Daniel Siefman, Mathieu Hursin, Catherine Percher, David Heinrichs
Nuclear Science and Engineering | Volume 197 | Number 1 | January 2023 | Pages 14-24
Technical Paper | doi.org/10.1080/00295639.2022.2103344
Articles are hosted by Taylor and Francis Online.
Thermal neutron scattering laws are important nuclear data for many nuclear science and engineering applications. Validation helps to ensure that a thermal neutron scattering law has a high quality and often employs critical benchmarks as integral experiments. Recently, pulsed-neutron die-away benchmarks have been used as an experiment to validate thermal neutron scattering laws.

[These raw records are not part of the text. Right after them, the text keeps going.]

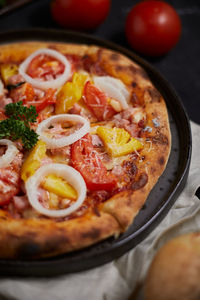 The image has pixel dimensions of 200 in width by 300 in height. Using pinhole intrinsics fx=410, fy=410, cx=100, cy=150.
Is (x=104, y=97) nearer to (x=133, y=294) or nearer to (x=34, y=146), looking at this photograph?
(x=34, y=146)

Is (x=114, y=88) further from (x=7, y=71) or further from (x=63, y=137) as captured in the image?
(x=7, y=71)

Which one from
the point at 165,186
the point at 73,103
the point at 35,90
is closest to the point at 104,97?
the point at 73,103

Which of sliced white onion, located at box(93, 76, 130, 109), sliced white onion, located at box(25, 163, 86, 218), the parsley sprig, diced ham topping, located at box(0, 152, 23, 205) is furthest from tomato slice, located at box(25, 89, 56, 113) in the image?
sliced white onion, located at box(25, 163, 86, 218)

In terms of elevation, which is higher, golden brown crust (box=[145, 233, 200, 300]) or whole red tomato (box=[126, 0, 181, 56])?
whole red tomato (box=[126, 0, 181, 56])

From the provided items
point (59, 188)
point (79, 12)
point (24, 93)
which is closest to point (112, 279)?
point (59, 188)

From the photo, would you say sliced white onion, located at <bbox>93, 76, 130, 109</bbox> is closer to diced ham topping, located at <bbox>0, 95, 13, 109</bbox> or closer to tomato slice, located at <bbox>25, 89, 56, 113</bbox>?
tomato slice, located at <bbox>25, 89, 56, 113</bbox> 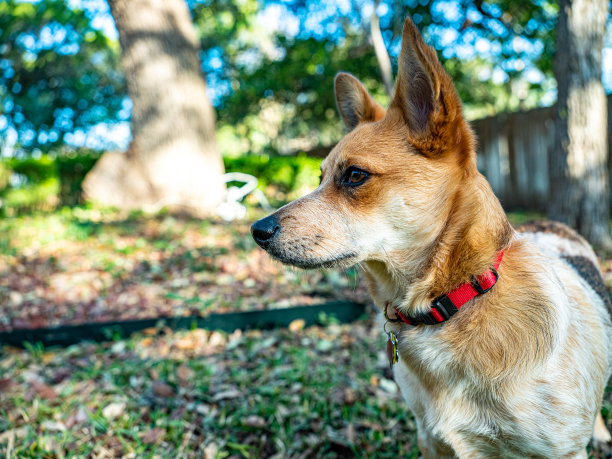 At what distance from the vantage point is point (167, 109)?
7.57 m

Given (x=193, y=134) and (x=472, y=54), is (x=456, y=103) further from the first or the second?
(x=472, y=54)

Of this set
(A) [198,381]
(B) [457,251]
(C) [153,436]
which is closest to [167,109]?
(A) [198,381]

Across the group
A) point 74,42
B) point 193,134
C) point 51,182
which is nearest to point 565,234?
point 193,134

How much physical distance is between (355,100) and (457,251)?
1206 mm

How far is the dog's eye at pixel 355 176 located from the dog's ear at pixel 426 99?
0.91ft

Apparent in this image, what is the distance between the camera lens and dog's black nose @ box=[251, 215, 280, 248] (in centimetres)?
192

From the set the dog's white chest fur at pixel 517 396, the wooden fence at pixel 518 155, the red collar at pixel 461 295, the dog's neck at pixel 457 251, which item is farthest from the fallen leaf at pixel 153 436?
the wooden fence at pixel 518 155

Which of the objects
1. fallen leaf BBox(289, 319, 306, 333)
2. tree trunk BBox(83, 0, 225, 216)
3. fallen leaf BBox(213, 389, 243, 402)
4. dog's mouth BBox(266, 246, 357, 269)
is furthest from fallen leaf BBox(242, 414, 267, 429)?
tree trunk BBox(83, 0, 225, 216)

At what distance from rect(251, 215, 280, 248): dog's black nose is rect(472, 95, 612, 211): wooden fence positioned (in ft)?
30.6

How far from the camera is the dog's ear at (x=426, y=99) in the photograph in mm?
1751

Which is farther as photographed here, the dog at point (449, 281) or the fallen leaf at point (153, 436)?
the fallen leaf at point (153, 436)

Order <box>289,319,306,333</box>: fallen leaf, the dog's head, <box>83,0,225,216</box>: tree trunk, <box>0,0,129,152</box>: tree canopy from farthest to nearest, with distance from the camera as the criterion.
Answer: <box>0,0,129,152</box>: tree canopy < <box>83,0,225,216</box>: tree trunk < <box>289,319,306,333</box>: fallen leaf < the dog's head

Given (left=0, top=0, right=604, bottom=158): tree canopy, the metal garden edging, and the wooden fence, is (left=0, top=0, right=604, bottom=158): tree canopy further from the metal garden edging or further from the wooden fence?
the metal garden edging

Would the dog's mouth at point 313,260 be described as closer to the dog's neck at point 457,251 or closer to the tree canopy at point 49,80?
the dog's neck at point 457,251
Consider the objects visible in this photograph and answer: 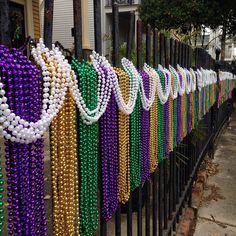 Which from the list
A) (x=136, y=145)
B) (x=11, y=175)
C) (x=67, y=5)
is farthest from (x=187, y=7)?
(x=11, y=175)

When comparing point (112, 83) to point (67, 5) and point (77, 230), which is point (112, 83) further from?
point (67, 5)

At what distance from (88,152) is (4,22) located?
53cm

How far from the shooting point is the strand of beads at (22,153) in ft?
2.57

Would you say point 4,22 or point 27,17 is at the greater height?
point 27,17

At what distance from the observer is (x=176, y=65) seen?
2.41m

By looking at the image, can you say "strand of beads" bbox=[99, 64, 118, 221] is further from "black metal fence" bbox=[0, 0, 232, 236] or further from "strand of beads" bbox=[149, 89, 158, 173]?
"strand of beads" bbox=[149, 89, 158, 173]

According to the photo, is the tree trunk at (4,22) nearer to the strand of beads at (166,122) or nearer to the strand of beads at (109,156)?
the strand of beads at (109,156)

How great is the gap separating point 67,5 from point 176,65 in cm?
1375

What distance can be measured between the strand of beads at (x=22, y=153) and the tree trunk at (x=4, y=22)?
0.18 ft

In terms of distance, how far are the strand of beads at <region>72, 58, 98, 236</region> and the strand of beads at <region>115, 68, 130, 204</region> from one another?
20 centimetres

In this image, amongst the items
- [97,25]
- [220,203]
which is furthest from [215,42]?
[97,25]

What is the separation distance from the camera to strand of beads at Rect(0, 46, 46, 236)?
784mm

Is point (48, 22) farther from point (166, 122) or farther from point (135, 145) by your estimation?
point (166, 122)

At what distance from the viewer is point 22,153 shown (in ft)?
2.70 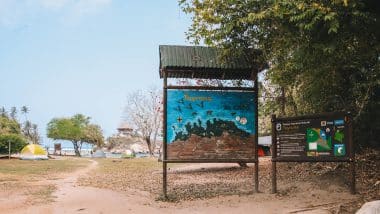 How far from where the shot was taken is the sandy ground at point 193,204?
32.6 ft

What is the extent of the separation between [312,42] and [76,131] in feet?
289

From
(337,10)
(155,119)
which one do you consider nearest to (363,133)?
(337,10)

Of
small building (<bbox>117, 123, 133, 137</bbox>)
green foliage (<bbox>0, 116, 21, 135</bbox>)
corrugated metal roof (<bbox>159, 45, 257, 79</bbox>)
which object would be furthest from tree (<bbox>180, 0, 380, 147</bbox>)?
green foliage (<bbox>0, 116, 21, 135</bbox>)

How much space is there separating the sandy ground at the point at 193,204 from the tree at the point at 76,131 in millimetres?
81229

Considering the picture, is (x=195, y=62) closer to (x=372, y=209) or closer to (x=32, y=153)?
(x=372, y=209)

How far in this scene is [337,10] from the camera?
28.1ft

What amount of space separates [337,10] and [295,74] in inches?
227

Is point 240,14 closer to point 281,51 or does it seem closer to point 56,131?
point 281,51

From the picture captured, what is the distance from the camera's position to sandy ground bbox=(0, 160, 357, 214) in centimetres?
995

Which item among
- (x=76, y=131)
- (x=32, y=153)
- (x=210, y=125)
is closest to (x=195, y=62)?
(x=210, y=125)

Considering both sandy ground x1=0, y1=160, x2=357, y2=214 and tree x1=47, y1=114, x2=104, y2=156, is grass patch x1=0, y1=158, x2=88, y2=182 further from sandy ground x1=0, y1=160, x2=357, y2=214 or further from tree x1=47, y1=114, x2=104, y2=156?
tree x1=47, y1=114, x2=104, y2=156

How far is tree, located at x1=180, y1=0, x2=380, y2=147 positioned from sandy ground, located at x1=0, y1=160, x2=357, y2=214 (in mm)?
3400

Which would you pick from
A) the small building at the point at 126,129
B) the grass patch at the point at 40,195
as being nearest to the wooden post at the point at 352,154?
the grass patch at the point at 40,195

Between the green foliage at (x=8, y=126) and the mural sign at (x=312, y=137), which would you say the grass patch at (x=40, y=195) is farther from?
the green foliage at (x=8, y=126) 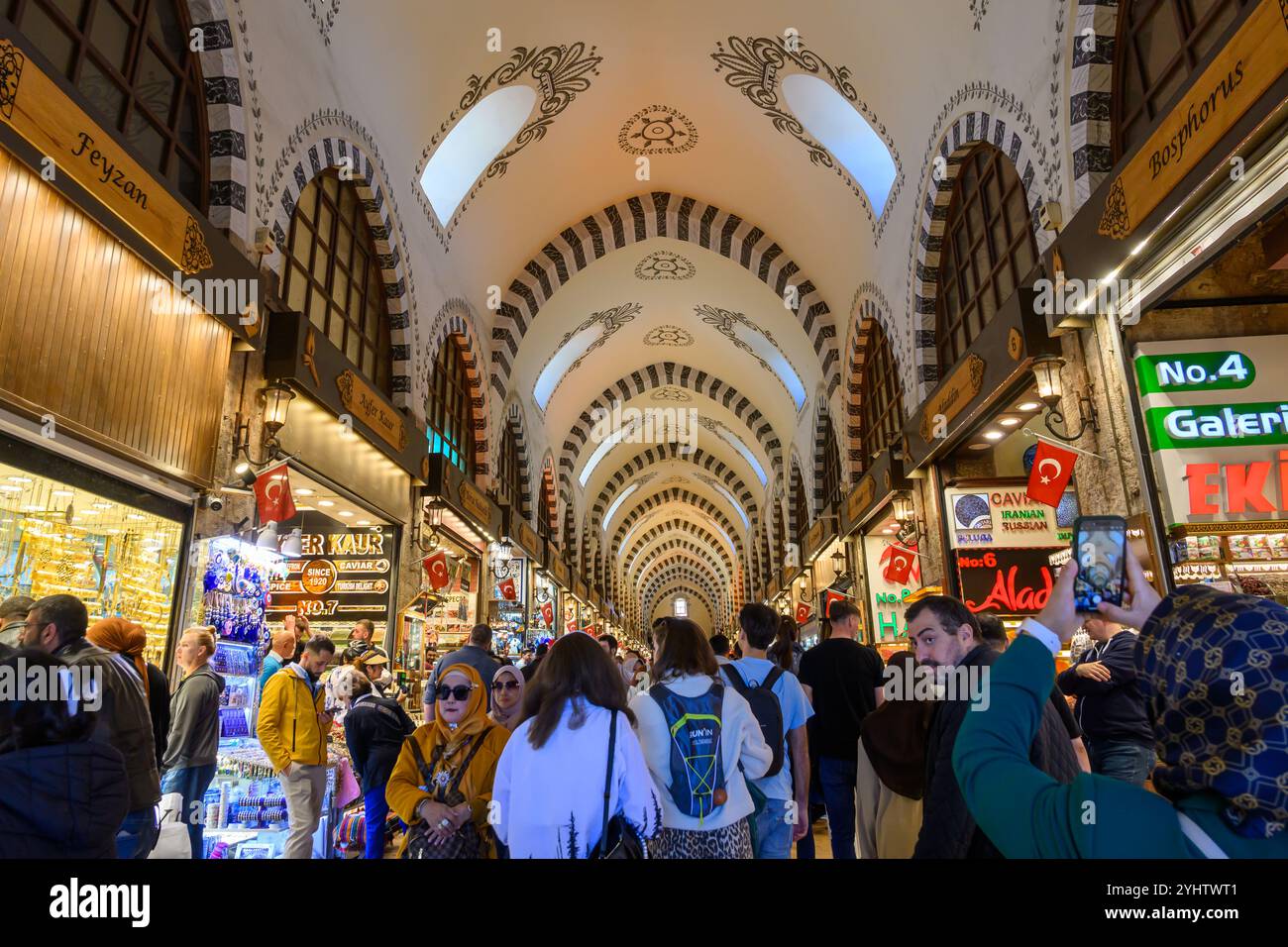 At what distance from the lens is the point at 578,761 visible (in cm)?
182

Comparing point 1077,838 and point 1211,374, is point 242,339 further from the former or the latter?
point 1211,374

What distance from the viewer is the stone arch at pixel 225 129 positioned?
4.52m

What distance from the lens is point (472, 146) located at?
343 inches

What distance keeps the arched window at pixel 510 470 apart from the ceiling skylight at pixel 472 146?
14.5ft

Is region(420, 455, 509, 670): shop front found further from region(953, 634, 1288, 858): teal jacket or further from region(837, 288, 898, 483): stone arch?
region(953, 634, 1288, 858): teal jacket

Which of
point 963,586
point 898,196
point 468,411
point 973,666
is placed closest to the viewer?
point 973,666

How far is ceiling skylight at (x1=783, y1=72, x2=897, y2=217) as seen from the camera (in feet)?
27.2

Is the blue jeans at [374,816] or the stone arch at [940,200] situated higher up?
the stone arch at [940,200]

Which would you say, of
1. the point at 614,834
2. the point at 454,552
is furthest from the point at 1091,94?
the point at 454,552

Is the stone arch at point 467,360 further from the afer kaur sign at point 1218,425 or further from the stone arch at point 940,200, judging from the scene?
the afer kaur sign at point 1218,425

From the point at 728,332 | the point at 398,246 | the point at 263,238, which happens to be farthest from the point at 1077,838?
the point at 728,332

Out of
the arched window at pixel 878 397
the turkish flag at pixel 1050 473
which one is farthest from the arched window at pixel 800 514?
the turkish flag at pixel 1050 473

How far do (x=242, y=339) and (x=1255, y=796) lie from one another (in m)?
5.17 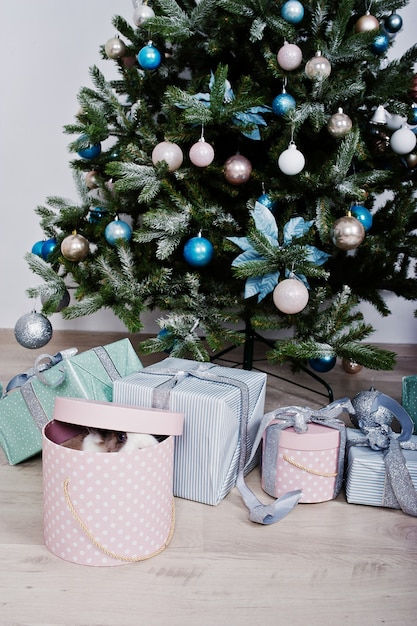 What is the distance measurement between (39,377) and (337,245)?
2.38 feet

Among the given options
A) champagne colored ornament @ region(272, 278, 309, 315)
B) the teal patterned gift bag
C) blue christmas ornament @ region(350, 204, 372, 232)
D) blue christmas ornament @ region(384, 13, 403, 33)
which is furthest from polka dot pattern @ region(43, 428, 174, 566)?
blue christmas ornament @ region(384, 13, 403, 33)

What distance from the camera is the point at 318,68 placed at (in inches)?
50.2

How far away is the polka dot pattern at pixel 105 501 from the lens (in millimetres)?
843

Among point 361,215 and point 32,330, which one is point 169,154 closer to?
point 361,215

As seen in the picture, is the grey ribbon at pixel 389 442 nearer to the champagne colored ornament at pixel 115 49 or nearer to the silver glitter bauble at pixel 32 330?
the silver glitter bauble at pixel 32 330

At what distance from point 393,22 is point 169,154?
2.25 feet

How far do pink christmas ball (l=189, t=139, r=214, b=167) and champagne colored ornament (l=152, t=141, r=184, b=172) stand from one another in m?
0.04

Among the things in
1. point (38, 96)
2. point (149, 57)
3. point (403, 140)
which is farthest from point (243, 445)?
point (38, 96)

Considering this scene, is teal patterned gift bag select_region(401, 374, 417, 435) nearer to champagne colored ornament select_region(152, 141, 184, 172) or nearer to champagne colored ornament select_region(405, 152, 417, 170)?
champagne colored ornament select_region(405, 152, 417, 170)

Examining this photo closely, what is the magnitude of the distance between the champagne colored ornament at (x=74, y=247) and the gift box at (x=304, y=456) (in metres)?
0.68

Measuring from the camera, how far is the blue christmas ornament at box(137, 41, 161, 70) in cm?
139

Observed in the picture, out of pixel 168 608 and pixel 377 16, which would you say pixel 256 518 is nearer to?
pixel 168 608

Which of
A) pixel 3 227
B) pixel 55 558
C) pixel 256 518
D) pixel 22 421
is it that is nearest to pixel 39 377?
pixel 22 421

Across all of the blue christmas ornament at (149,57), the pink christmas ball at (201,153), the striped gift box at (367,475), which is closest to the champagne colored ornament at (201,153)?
the pink christmas ball at (201,153) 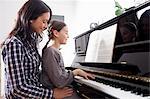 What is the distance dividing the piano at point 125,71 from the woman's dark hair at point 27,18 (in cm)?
57

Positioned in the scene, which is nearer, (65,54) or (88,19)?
(88,19)

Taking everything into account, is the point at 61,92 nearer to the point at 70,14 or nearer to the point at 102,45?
the point at 102,45

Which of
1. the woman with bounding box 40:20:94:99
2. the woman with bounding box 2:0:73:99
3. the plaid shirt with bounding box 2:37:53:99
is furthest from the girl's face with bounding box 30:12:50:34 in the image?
the woman with bounding box 40:20:94:99

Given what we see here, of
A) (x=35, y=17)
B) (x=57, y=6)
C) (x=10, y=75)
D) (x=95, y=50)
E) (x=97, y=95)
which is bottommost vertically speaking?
(x=97, y=95)

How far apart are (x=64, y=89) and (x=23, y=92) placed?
0.45 meters

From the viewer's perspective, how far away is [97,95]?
1545mm

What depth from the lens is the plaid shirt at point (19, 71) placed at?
1417mm

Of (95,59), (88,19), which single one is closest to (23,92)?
(95,59)

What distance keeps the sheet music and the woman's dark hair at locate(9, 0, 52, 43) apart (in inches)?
28.3

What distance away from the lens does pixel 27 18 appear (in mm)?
1541

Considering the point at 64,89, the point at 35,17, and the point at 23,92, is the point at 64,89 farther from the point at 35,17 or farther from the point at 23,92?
the point at 35,17

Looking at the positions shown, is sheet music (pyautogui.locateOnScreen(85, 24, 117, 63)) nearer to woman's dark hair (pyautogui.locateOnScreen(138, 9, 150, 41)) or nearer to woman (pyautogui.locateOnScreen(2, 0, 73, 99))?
woman's dark hair (pyautogui.locateOnScreen(138, 9, 150, 41))

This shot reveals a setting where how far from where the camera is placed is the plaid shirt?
1.42 meters

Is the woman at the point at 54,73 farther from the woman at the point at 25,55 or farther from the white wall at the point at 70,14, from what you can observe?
the white wall at the point at 70,14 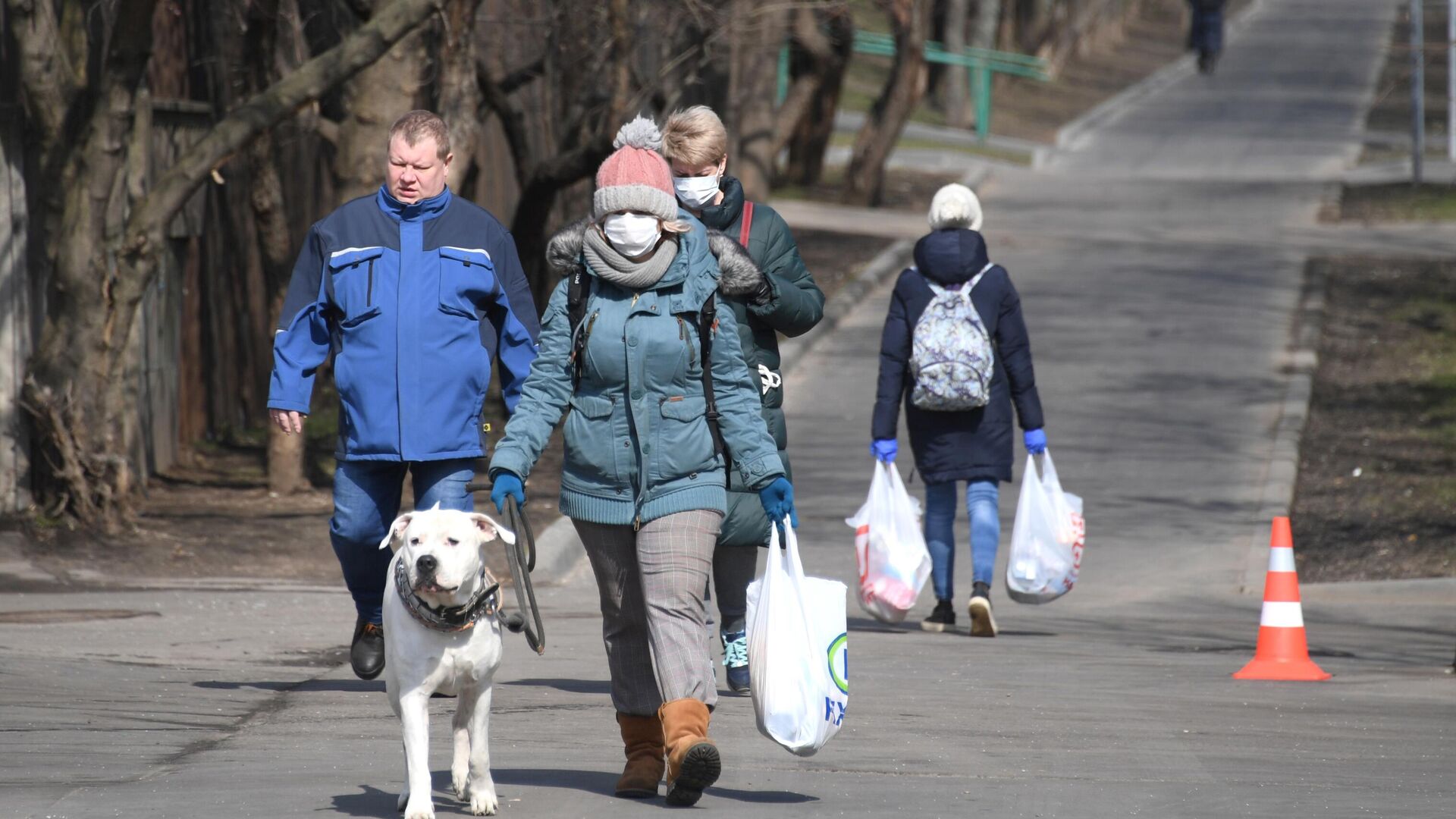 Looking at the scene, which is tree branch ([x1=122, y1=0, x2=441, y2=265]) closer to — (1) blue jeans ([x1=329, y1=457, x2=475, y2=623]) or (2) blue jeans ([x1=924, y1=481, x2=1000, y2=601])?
(2) blue jeans ([x1=924, y1=481, x2=1000, y2=601])

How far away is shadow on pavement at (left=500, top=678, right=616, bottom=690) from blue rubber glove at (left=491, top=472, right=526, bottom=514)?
2155 millimetres

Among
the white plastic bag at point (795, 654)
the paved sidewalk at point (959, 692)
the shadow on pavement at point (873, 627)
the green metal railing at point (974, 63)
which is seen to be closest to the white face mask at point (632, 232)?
the white plastic bag at point (795, 654)

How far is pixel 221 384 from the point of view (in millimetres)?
13953

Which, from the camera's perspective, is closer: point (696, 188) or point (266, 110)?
point (696, 188)

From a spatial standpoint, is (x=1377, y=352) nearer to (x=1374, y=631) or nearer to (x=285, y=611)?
(x=1374, y=631)

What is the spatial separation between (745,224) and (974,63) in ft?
102

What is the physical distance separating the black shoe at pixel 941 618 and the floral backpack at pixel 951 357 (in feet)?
3.17

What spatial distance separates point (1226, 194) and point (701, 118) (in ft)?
74.8

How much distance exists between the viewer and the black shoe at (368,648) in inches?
264

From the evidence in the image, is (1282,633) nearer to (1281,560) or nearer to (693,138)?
(1281,560)

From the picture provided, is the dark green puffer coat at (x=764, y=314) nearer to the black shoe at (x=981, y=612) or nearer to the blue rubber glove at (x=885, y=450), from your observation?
the blue rubber glove at (x=885, y=450)

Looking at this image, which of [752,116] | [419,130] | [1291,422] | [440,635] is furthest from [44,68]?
[752,116]

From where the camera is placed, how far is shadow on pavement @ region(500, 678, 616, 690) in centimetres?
725

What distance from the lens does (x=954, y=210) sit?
8789 mm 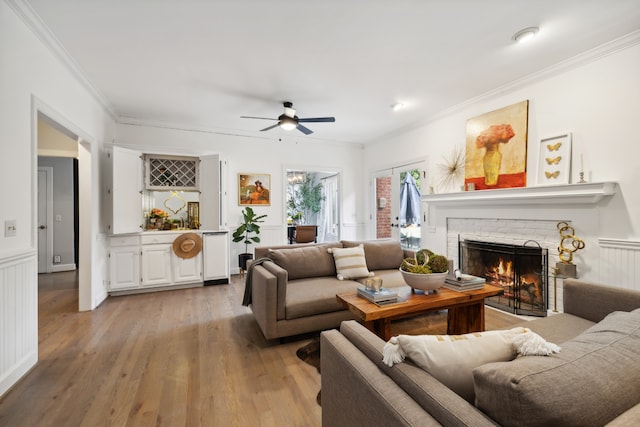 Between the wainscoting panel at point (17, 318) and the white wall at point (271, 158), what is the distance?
2.75 m

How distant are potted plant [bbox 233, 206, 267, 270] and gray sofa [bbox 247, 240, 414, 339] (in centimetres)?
202

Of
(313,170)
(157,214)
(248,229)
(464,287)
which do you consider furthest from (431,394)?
(313,170)

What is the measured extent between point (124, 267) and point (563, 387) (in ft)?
16.1

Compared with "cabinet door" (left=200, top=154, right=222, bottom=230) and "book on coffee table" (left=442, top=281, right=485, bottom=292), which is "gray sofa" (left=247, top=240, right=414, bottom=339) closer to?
"book on coffee table" (left=442, top=281, right=485, bottom=292)

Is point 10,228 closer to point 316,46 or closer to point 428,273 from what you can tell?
point 316,46

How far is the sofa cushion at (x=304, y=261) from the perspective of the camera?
10.5 ft

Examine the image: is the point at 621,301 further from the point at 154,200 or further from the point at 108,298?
the point at 154,200

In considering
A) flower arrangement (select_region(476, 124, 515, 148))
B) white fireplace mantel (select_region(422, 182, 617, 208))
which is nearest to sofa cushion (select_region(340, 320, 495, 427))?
white fireplace mantel (select_region(422, 182, 617, 208))

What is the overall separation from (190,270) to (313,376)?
315 centimetres

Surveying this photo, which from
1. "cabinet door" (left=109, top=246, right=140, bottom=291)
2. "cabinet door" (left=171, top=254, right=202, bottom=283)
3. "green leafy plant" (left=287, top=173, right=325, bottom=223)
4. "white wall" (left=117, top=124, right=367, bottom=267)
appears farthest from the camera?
"green leafy plant" (left=287, top=173, right=325, bottom=223)

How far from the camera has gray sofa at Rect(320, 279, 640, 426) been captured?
67 cm

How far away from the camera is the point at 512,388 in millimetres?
681

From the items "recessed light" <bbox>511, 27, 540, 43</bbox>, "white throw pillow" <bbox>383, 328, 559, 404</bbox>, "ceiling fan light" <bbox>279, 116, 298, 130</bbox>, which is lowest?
"white throw pillow" <bbox>383, 328, 559, 404</bbox>

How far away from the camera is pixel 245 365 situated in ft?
7.55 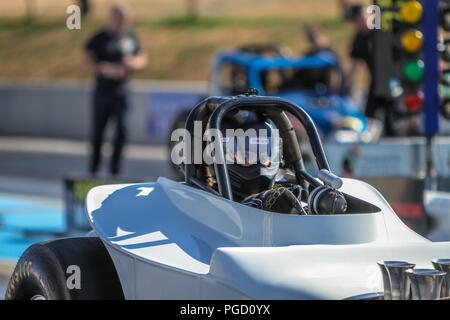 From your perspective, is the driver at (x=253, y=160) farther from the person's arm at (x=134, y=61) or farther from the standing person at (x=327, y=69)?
the standing person at (x=327, y=69)

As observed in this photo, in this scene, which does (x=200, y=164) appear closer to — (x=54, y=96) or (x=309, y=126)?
(x=309, y=126)

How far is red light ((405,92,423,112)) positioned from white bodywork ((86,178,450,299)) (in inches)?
150

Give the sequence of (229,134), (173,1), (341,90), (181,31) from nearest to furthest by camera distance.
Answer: (229,134) < (341,90) < (181,31) < (173,1)

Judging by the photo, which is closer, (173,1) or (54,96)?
(54,96)

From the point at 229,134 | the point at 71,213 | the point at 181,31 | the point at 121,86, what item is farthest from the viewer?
the point at 181,31

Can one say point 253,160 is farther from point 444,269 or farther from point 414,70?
point 414,70

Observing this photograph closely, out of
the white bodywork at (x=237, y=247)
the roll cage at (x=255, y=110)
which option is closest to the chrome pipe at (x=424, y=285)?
the white bodywork at (x=237, y=247)

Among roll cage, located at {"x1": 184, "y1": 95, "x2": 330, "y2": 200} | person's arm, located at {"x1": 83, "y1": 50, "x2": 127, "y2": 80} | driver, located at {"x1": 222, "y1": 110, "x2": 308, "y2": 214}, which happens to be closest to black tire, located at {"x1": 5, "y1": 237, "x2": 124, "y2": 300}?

Herein, we evidence how this alternative integral experiment has a high sensitivity to these nuclear data by performing an uncertainty quantification analysis. The analysis randomly sampled the nuclear model parameters associated with hydrogen bound in light water thermal neutron scattering law and sampled other nuclear data that influenced the experiment’s integral parameter (e.g., elastic scattering, absorption in hydrogen and oxygen) from their respective covariance matrices. The thermal neutron scattering law caused an uncertainty in the integral parameter that reached 2.67%, which exceeds by an order of magnitude the uncertainties induced in commonly used thermal solution critical benchmarks. The validation performed here, although limited due to a poor description of the historical experiment, indicated that the ENDF/B-VIII.0 thermal neutron scattering law well predicted the integral parameter. These results motivate further benchmark and validation efforts using pulsed-neutron die-away experiments.